■ INSTRUCTIONS FOR THE TASK: Please set down, unchanged, each line from the one with "Подводные лодки базировались" to the final line of the data below, both included. Drop the pictures.

■ PROVIDED MATERIAL:
++++++++++++++++++++

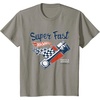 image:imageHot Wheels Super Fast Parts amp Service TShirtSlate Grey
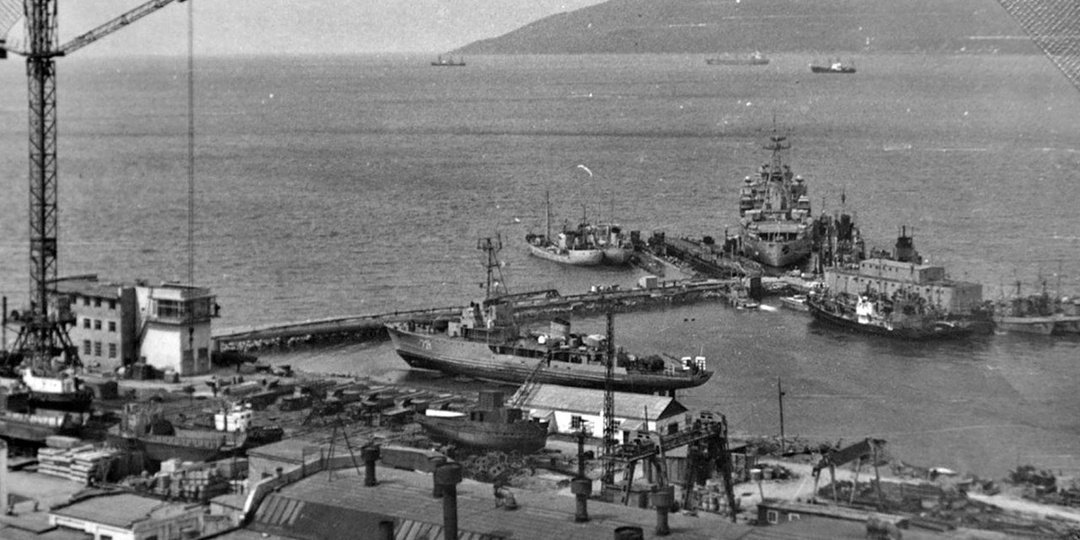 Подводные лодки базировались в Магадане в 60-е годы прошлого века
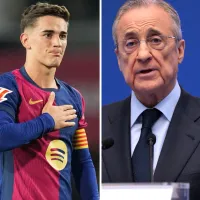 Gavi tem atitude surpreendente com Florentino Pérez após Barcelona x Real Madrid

++++++++++++++++++++

■ RESULT OF THIS TASK:
 Подводные лодки базировались в Магадане в 60-е годы прошлого века
 Gavi tem atitude surpreendente com Florentino Pérez após Barcelona x Real Madrid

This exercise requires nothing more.